*** Begin section ***

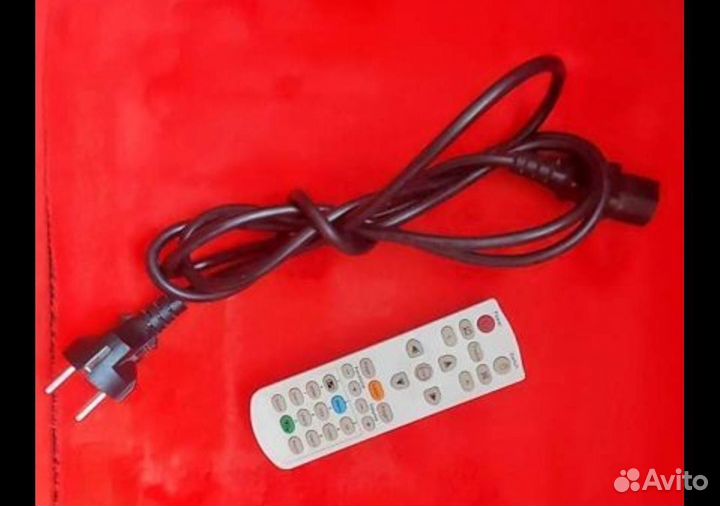 Проектор Optoma EH320UST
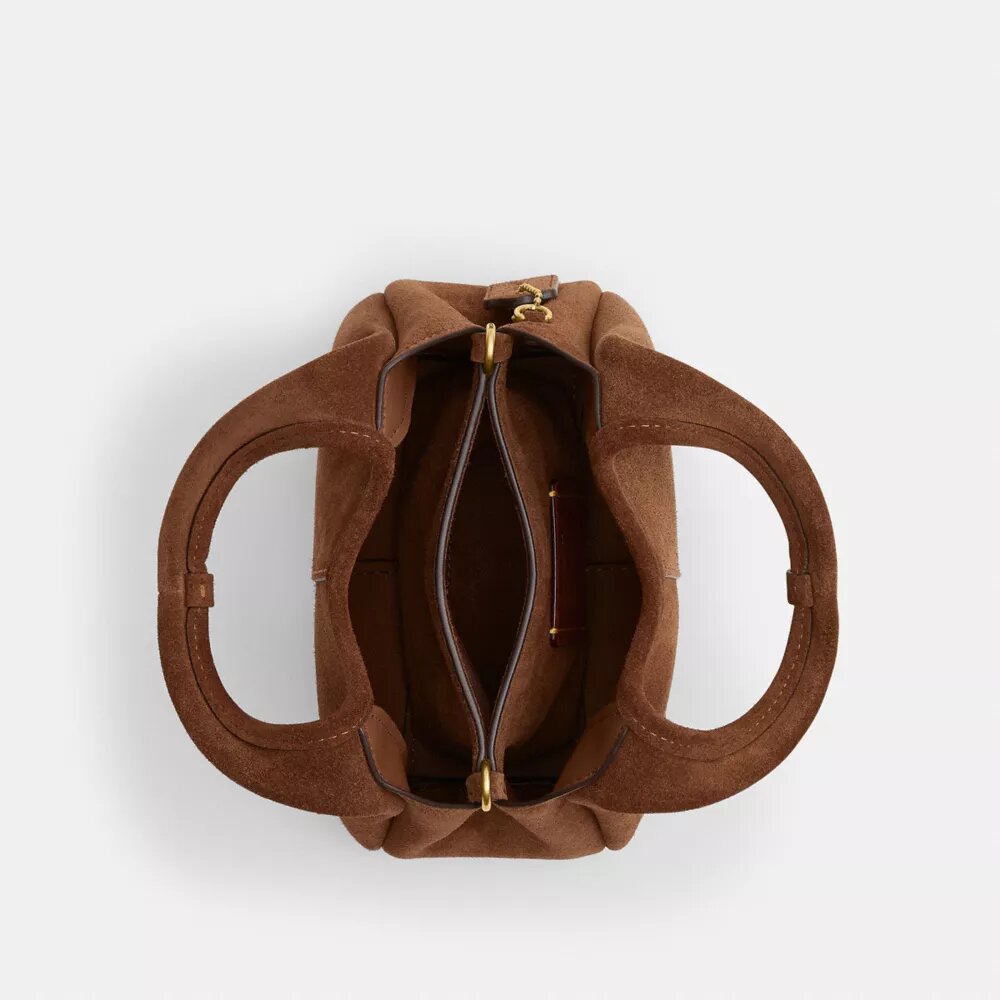 Bolso de hombro Lana 19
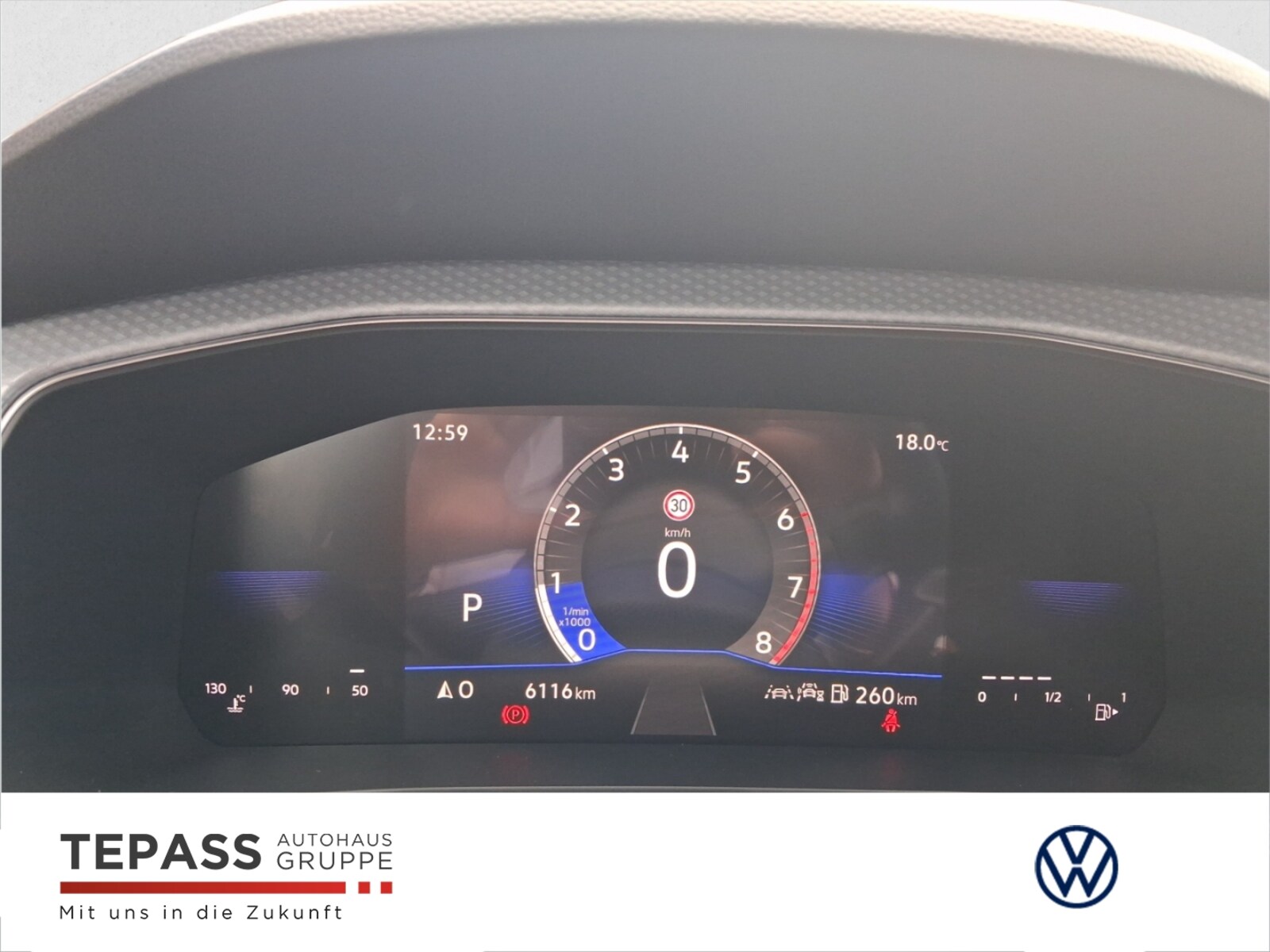 Volkswagen T-Cross – Bild 11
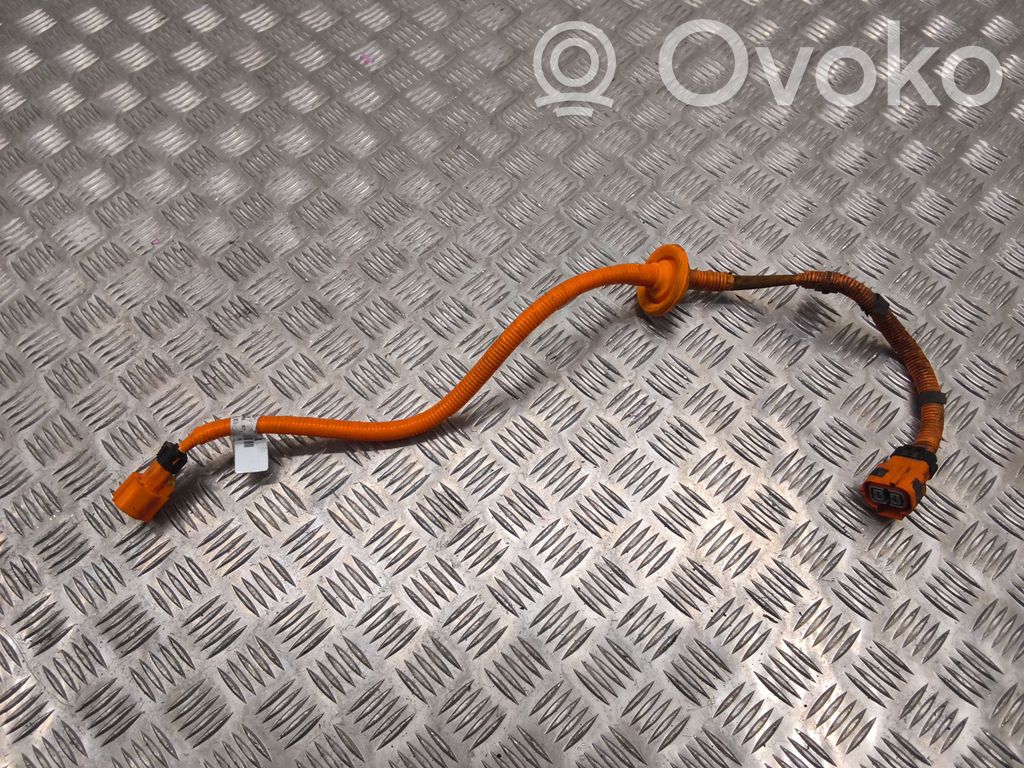 KIA EV6 Otros cableados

*** End section ***

Directions: Only the pictures may be dropped when you copy the data above; everything else stays exact.

Answer space:
 Проектор Optoma EH320UST
 Bolso de hombro Lana 19
 Volkswagen T-Cross – Bild 11
 KIA EV6 Otros cableados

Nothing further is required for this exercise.